Aurealis is a long-established Australian magazine. It has had some difficulties in recent years. More transition is coming -- editor Keith Stevenson is stepping down, to be replaced by Robert Hoge and Ben Payne. The only issue to appear in 2004 was a very thick issue -- numbered 33/34/35, meaning it was a triple issue, I suppose. Indeed it was more than twice as long as the issue I saw last year (though not quite three times as long).

There were just over 100,000 words of fiction in this issue. One piece was a novel excerpt, leaving about 93,000 words of new short fiction: 3 novelettes and 16 short stories (one of these latter 7400 words by my estimate).
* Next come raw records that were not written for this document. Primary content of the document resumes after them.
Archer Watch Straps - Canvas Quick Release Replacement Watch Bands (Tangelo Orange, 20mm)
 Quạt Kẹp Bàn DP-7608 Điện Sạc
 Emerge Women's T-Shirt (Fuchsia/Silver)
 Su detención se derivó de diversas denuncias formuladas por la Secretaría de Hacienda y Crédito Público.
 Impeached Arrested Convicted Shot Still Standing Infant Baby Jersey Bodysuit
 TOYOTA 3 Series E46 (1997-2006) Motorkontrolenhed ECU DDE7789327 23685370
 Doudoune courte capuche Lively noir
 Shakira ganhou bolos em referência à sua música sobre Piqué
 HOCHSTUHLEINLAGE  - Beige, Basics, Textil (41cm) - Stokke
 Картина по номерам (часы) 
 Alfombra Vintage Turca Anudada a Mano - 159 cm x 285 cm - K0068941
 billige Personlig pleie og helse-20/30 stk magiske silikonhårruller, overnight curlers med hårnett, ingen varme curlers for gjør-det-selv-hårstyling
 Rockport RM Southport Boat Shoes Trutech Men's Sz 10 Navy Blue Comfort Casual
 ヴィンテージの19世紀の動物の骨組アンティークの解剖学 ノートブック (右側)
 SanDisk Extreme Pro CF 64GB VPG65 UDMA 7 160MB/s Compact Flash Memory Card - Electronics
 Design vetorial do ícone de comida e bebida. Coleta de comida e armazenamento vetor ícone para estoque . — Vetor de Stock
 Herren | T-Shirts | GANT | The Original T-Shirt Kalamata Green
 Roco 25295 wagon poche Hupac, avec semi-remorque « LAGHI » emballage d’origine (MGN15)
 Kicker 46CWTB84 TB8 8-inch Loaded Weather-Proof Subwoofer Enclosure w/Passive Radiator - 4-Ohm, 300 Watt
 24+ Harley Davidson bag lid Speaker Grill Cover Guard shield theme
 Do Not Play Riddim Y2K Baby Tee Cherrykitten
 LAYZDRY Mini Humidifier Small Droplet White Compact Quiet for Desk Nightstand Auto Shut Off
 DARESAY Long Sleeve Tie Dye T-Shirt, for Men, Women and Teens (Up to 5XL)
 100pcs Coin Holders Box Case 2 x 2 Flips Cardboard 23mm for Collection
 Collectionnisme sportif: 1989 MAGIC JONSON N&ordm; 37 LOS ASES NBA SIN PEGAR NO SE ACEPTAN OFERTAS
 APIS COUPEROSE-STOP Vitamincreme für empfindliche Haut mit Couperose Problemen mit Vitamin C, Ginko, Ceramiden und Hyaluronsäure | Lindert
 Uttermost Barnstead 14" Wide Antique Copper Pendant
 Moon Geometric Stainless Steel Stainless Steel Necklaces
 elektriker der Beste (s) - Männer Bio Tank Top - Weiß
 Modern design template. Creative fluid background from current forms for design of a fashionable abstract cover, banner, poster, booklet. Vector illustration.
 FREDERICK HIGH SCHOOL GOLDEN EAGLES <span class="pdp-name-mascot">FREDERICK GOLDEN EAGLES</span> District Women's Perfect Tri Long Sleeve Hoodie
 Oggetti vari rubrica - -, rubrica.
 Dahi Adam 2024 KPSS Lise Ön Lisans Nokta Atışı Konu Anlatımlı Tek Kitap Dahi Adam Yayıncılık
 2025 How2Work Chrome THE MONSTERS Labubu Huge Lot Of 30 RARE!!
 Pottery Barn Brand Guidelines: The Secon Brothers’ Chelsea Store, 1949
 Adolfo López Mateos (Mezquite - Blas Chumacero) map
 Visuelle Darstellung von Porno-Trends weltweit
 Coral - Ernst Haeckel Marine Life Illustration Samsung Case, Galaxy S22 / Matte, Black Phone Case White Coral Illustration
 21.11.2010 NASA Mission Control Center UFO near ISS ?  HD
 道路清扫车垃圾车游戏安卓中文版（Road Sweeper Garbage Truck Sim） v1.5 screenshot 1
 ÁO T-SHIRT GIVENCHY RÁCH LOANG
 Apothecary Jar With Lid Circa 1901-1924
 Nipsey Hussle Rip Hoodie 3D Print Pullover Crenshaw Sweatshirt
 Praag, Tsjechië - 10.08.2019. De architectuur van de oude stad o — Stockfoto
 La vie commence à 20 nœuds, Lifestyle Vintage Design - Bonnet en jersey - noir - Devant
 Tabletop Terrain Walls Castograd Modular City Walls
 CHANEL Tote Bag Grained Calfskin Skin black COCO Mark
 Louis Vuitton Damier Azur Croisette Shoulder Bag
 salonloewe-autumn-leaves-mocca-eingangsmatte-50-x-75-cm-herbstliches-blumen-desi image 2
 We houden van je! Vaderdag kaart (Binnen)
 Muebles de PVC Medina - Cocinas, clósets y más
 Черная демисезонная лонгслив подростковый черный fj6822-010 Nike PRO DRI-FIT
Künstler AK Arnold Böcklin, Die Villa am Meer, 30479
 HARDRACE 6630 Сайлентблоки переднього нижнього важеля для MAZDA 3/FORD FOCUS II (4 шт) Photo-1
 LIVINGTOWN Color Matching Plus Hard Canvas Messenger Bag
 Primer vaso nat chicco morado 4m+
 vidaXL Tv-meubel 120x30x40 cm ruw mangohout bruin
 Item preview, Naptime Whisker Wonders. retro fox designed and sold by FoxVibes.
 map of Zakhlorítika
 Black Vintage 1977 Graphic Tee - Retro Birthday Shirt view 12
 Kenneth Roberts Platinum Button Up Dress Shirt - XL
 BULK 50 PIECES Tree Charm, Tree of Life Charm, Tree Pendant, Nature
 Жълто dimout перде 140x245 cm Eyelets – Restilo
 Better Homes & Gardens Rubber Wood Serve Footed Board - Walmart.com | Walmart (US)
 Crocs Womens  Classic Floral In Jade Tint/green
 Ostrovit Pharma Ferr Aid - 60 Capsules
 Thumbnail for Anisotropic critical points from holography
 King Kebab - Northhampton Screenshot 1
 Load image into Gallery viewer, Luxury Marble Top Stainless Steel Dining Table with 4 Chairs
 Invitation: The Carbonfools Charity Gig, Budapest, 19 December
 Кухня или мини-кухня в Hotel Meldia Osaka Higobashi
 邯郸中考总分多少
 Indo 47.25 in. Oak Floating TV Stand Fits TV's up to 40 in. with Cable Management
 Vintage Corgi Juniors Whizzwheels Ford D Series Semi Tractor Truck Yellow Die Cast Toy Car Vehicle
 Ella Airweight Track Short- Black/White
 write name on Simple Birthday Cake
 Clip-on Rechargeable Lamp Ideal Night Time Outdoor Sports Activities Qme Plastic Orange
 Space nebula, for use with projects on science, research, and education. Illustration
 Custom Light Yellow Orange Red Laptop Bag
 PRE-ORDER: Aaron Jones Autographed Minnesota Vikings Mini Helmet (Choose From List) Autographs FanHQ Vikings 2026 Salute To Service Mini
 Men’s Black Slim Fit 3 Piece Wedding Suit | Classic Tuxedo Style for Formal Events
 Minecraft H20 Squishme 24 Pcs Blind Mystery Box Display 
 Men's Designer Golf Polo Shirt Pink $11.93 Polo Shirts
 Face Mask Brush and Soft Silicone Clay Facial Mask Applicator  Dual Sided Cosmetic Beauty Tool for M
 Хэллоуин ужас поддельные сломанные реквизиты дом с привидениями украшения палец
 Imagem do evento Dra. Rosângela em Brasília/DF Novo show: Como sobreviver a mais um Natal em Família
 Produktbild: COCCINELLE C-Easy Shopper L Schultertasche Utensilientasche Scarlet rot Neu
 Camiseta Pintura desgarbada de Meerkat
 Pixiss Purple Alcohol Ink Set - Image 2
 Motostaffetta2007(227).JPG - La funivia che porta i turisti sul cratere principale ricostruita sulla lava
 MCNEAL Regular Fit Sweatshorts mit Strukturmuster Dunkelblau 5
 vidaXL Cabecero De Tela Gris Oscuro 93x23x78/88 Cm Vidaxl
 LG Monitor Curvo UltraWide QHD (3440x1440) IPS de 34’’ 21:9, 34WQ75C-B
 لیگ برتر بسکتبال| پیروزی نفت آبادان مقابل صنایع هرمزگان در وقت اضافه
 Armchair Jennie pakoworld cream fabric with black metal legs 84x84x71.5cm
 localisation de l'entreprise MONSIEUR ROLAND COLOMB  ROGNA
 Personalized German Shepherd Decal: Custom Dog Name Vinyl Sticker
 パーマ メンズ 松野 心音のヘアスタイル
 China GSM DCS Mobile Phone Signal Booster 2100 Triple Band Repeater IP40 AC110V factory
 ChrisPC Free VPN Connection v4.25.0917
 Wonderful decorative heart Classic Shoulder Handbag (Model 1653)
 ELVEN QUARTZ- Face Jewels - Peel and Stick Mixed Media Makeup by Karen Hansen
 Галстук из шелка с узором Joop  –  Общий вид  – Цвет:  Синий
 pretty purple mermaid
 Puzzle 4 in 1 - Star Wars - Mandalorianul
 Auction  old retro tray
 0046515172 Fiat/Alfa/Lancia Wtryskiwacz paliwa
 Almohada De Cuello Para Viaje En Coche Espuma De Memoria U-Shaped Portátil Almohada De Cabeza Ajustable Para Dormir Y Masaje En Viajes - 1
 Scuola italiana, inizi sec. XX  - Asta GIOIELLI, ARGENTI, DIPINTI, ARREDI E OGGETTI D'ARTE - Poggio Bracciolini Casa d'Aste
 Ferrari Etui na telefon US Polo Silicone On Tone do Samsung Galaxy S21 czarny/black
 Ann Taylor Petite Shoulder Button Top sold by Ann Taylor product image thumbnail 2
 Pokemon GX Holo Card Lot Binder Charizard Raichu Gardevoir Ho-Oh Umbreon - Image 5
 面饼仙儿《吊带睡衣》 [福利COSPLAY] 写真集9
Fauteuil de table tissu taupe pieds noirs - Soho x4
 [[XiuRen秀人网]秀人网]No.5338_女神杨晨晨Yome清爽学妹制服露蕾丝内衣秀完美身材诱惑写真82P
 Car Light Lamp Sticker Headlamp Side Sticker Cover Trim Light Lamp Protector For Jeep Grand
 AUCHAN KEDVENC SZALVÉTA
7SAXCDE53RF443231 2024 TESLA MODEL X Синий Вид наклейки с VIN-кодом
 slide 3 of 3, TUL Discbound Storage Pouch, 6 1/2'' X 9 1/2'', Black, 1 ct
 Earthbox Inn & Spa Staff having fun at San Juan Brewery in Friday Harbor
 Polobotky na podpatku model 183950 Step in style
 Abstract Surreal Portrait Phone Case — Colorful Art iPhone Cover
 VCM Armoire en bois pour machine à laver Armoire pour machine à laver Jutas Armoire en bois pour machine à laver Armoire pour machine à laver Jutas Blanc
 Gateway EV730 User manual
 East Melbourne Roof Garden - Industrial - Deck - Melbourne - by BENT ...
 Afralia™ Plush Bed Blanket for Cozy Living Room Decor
I thought the mix was quite uneven -- some very striking stories, and some tedious stories (and of course some in the middle). The best of the novelettes was Lee Battersby's "Father Muerte and the Rain", definitely one of the "striking" pieces. Father Muerte seems to be the dominant personality in a curious isolated touristy sort of town, where strange things happen and some people live for a long time. One day there is a rain of insubstantial coelacanths -- insubstantial to most people, but not to Father Muerte, nor, significantly, to an elderly man who has just arrived.

The best of the novelettes was Jeffrey Ford's "A Night at the Tropics", about a cursed chess set and the bully who stumbles into possession of it. (My word count for this story was 7600, so it may not actually be a novelette.) There is also an excellent Carol Emshwiller story, "My General",one of her recent war stories, about a woman assigned a POW from the opposing forces as field labor.

Among the short stories I found myself definitely preferring the straight SF -- some of them quite exotic SF. For example Adam Browne and John Dixon's "Ringcycle" puts an opera star on Saturn's rings -- though not quite the rings we expect. Also set in a rather different gas giant environment is Trent Jamieson's "Porcelain Salli", in which genetically engineered creatures in Jupiter's orbit interact with mostly normal humans -- all of them penned in the Solar System by ominous AIs. And Snare's "Stick This Down Your Spike" is a cynical look at an AI made from a human template and adapted for asteroid mining -- with rather different motivations than its creator. Other good stories come from Gregory Hill, Shane Dix, and Harvey Welles and Philip Raines.